When they try to convince you that they are "not racist but," you can tell them to shut their dirty lying mouths. You can tell them where they can refill their own glasses. See their eyes well up, see how small they become. See them now, disrobed, see them whimper and mewl. You can tell them their fragility is coming unhemmed, peeking out from their yellowed drapes. Their fabric must have been cheaply manufactured. Gaze at them for a short while. You don't even have to say anything mean. Say nothing at all. Just gawk, and occasionally, smile.…

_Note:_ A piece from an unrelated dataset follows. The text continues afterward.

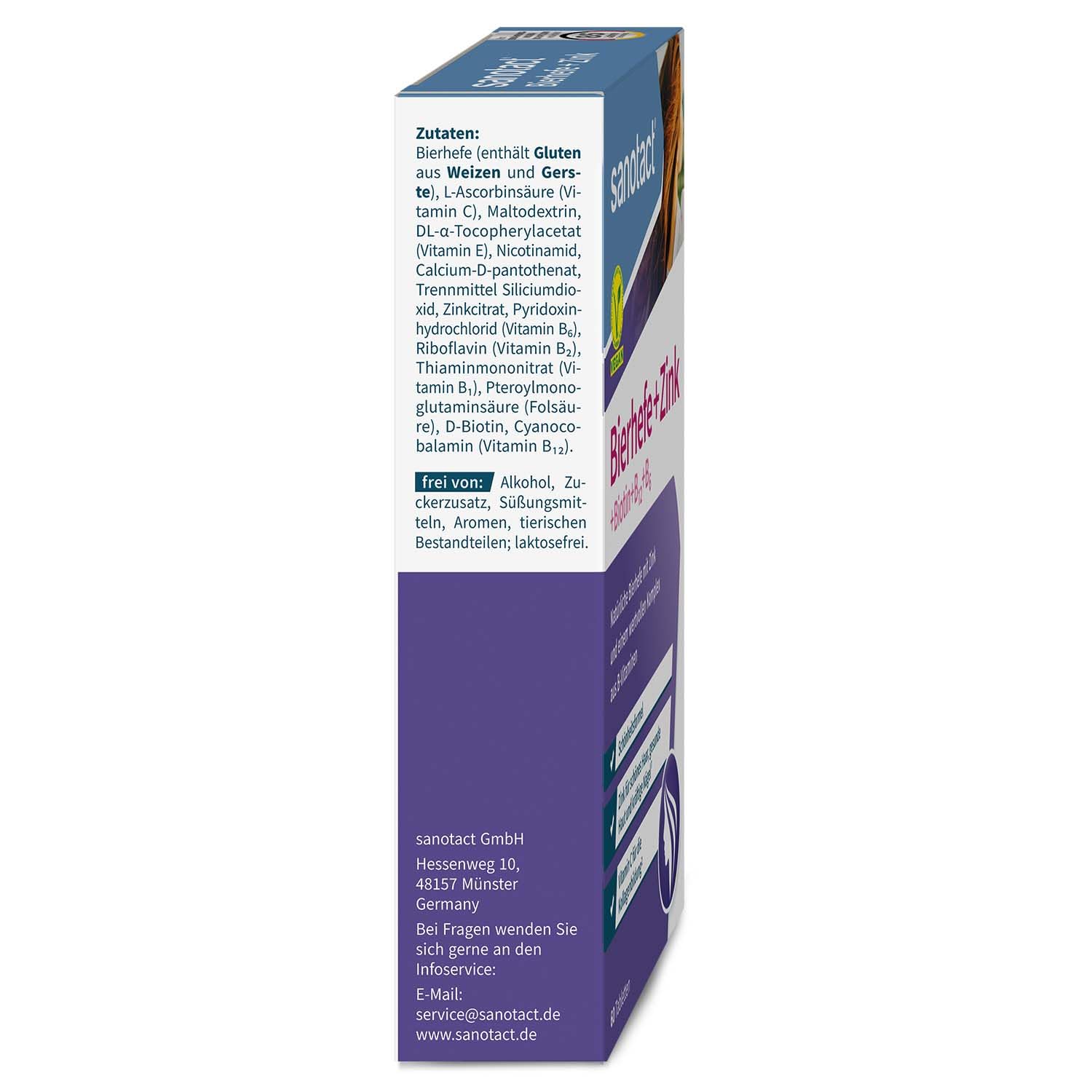sanotact Bierhefe + Zink (8 x 60 Tabletten) • Für Haut, Haare & Nägel • Vitamin-Komplex mit Bierhefe, Zink, Biotin, Vitamin B12, B6 & Vitamin C • Haut & Haar Vitamine • 100% Vegan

(from "Dear Brown Girl," page 56)

Reyes is a cultural worker in a never-ending mission to connect with women's lives as intersectional, demonstrating how race, ethnicity, class, religion, gender, and nationality are significant to the creation of art and literature. Three summers ago (2018) Reyes worked with curators (like P.J. Policarpio and Mark Meyer) who brought a one-of-a-kind, mobile, non-circulating, pop-up library known as the Pilipinx American Library (PAL) to the Asian Art Museum in San Francisco. PAL "celebrates and collects print histories and narratives by writers, pioets, artists, and scholars across the diaspora." PAL migrated from Queens, New York and has popped up in exhibits in Brooklyn, Washington, D.C. and Los Angeles. On opening night in San Francisco, I was invited to read with Reyes and poet Shirley Ancheta to kick off a full month-long schedule of literary symposiums, workshops, labs, films and art forums at the museum. The PAL space was dedicated to poet, activist and oral historian Al Robles (1930–2009). The opening was festive with wine tasting, grooving to music by DJ Jon Reyes, selfies, and videos, and a multi-generational audience of color, mingling in the art gallery and the PAL room filled with Pilipino American books of memoir, non-fiction, prose and poetry. Reyes commented in her blog the next day that these kinds of events, "reaffirmed for me why I do what I do."

The last epistolary poem in the book is what amounts to a listing of one hundred FAQs (frequently asked questions) from writers. But Reyes's response is not in one-to-one correspondence with the implied writerly questions.

  1. I am not sorry if the things I am saying here are not the things you wished to hear.
  2. You may unfriend me on social media; you may block me on social media, and I will be OK with this.
  3. Maybe loób translates as "heart"; I think the heart is only part of that.
  4. I don't think that we should stop making art from our loób.
  5. Do you?

There are no short cuts. Writing goes beyond the comfort zone. I translate "loób" as the inner will, psychological and spiritual wholeness that comes from within; that which makes the heart beat. The work of the writer begins again and again.

You may ask, why should I read this book of poetry if I am white? Reyes raises this very question in her book. The answer, quite simply, is so you will know how the other half lives, so to speak. What you do with that reading is the challenge. If you are white and seeking absolution for the sins of white fragility—go in peace and here is your penance: Say three Hail Mary's and read Barbara Jane Reyes's new book. Ego te absolvo, for now. That's a start. You have opened the door to the poetry of possibilities and power of poets of color in the world. When Kamala Harris made her Vice Presidential acceptance speech she said, "I might be the first, but I certainly will not be the last."


Catalina Cariaga is a poet and the author of Cultural Evidence. She has an MFA from San Francisco State University; her work appeared in the recent issue of Tripwire #17, A Journal of Poetics. A Poetry Flash contributing editor, she lives in Oakland, California.